2073920 – rook osd prepare failed with this error - failed to set kek as an environment variable: key encryption key is empty

Bug 2073920 - rook osd prepare failed with this error - failed to set kek as an environment variable: key encryption key is empty

Summary: rook osd prepare failed with this error - failed to set kek as an environment...

Keywords:
Status:	CLOSED ERRATA
Alias:	None
Product:	Red Hat OpenShift Data Foundation
Classification:	Red Hat Storage
Component:	rook
Sub Component:
Version:	4.10
Hardware:	Unspecified
OS:	Unspecified
Priority:	high
Severity:	medium
Target Milestone:	---
Target Release:	ODF 4.11.0
Assignee:	Sébastien Han
QA Contact:	Tal Yichye
Docs Contact:
URL:
Whiteboard:
Depends On:
Blocks:	2056571
TreeView+	depends on / blocked

Reported:	2022-04-11 06:40 UTC by Tal Yichye
Modified:	2023-08-09 17:03 UTC (History)
CC List:	13 users (show)
Fixed In Version:	4.11.0-66
Doc Type:	Bug Fix
Doc Text:
Clone Of:
Environment:
Last Closed:	2022-08-24 13:50:40 UTC
Embargoed:

Attachments	(Terms of Use)
list of pods, storageclass and storagecluster yaml (10.77 KB, text/plain) 2022-04-11 06:40 UTC, Tal Yichye	no flags	Details
browser post request for storage cluster creation with ibm flashsystem and no kms selection (63.98 KB, image/png) 2022-04-11 11:15 UTC, Afreen	no flags	Details
storagesystem review page for creating ibm-fs with kms disabled (72.20 KB, image/png) 2022-04-11 11:16 UTC, Afreen	no flags	Details
rook osd prepare pod logs (7.72 KB, text/plain) 2022-05-02 14:14 UTC, Tal Yichye	no flags	Details
ceph-volume log (3.38 KB, text/plain) 2022-05-03 07:39 UTC, Tal Yichye	no flags	Details
ocs-devices output for lsblk and ls -al commands (1.97 KB, text/plain) 2022-05-03 07:40 UTC, Tal Yichye	no flags	Details
View All

Links
System	ID	Priority	Status	Summary	Last Updated
Github	red-hat-storage rook pull 365	None	open	Bug 2073920: osd: only set kek to env var on encryption scenario	2022-04-12 07:19:56 UTC
Github	rook rook pull 10035	None	Merged	osd: only set kek to env var on encryption scenario	2022-04-12 12:04:22 UTC
Red Hat Product Errata	RHSA-2022:6156	None	None	None	2022-08-24 13:52:10 UTC

Description Tal Yichye 2022-04-11 06:40:03 UTC

Created attachment 1871709 [details]
list of pods, storageclass and storagecluster yaml

Description of problem (please be detailed as possible and provide log
snippests):

We installed the Redhat ODF operator from the console and try to create the storagesystem for ibm flashsystem with no encryption option.
The osd pods were not created and the rook-ceph-osd-prepare pods are stuck in CrashLoopBaskOff with the following error:

022-04-06 11:55:37.199155 E | op-osd: failed to provision OSD(s) on PVC ocs-deviceset-ibm-odf-test-0-data-0jmkhn. &{OSDs:[] Status:failed PvcBackedOSD:true Message:failed to set kek as an environment variable: key encryption key is empty}


Version of all relevant components (if applicable):

RH ODF operator: Image quay.io/rhceph-dev/ocs-registry:4.10.0-211
OCP version: 4.10.3

Does this issue impact your ability to continue to work with the product
(please explain in detail what is the user impact)?
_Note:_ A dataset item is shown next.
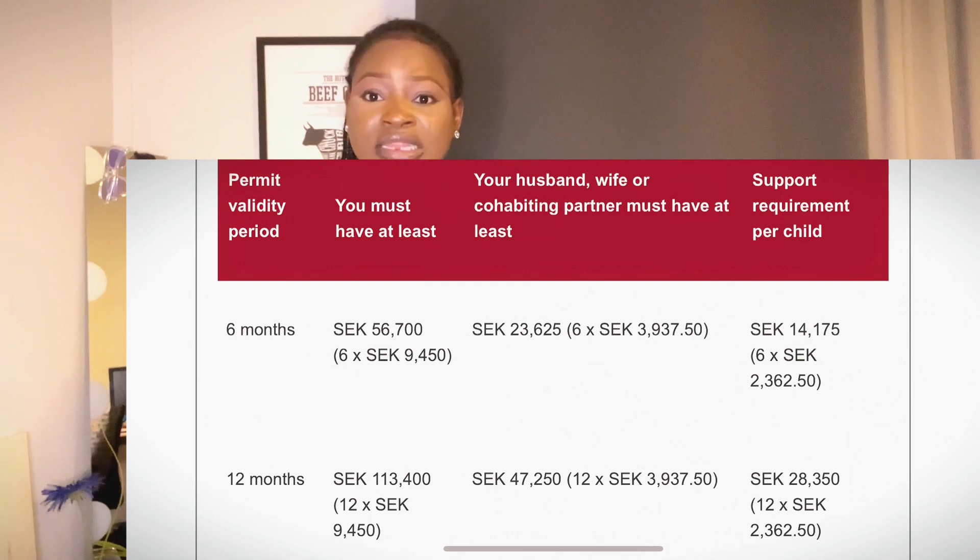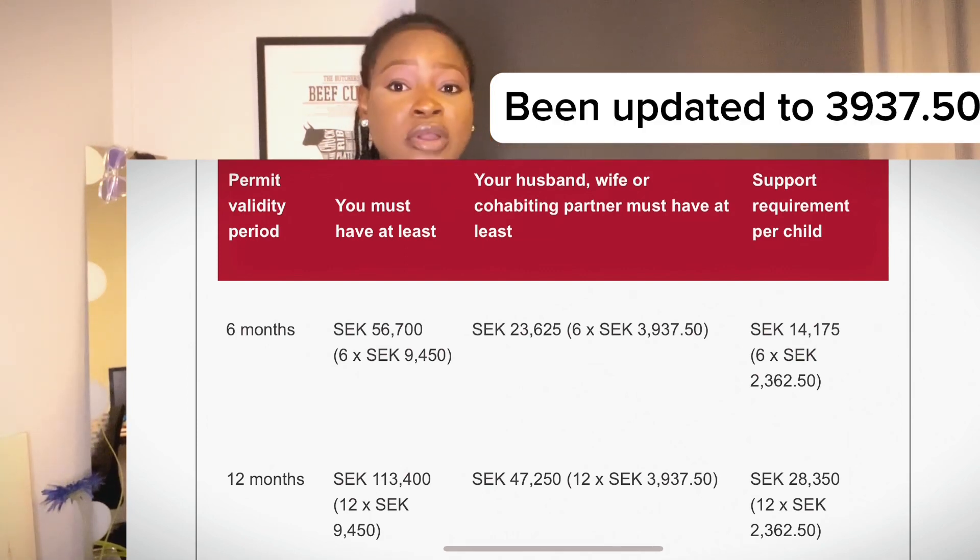Now, if you have dependents — because once you are applying as a student in Sweden, you are allowed to apply for your dependents as well, and all your applications go as one. You have to mention that you have dependents. To calculate for your dependents, let's say for your spouse: per spouse, the amount is 3,622.50 Swedish kronor — approximately 3,623 Swedish kronor for your spouse. You multiply 3,623 by 13 months, or for those in a pilot program school, multiply by 24 months.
yes, we can't install our new ibm odf operator

Is there any workaround available to the best of your knowledge?

no

Rate from 1 - 5 the complexity of the scenario you performed that caused this
bug (1 - very simple, 5 - very complex)?

1

Can this issue reproducible?
 yes

Can this issue reproduce from the UI?
yes

If this is a regression, please provide more details to justify this:


Steps to Reproduce:
1. Change redhat-operator catalog source to use quay.io/rhceph-dev/ocs-registry:4.10.0-211 image
2. Install odf operator for ocp 4.10 from the UI
3. Install StorageSystem ibm-flashsystem from the UI

Actual results:
rook-ceph-osd-prepare pods are stuck in CrashLoopBackOff with the kms error:

022-04-06 11:55:37.199155 E | op-osd: failed to provision OSD(s) on PVC ocs-deviceset-ibm-odf-test-0-data-0jmkhn. &{OSDs:[] Status:failed PvcBackedOSD:true Message:failed to set kek as an environment variable: key encryption key is empty}

Expected results:

successfully create the osd pods with no kms encryption

Additional info:

Comment 2 Afreen 2022-04-11 07:40:55 UTC

Thanks Tal,
Looks like an issue on operator side, I am creating a setup to check.
Please also provide the must gather logs: oc adm must-gather --image="quay.io/rhceph-dev/ocs-must-gather:latest-4.10"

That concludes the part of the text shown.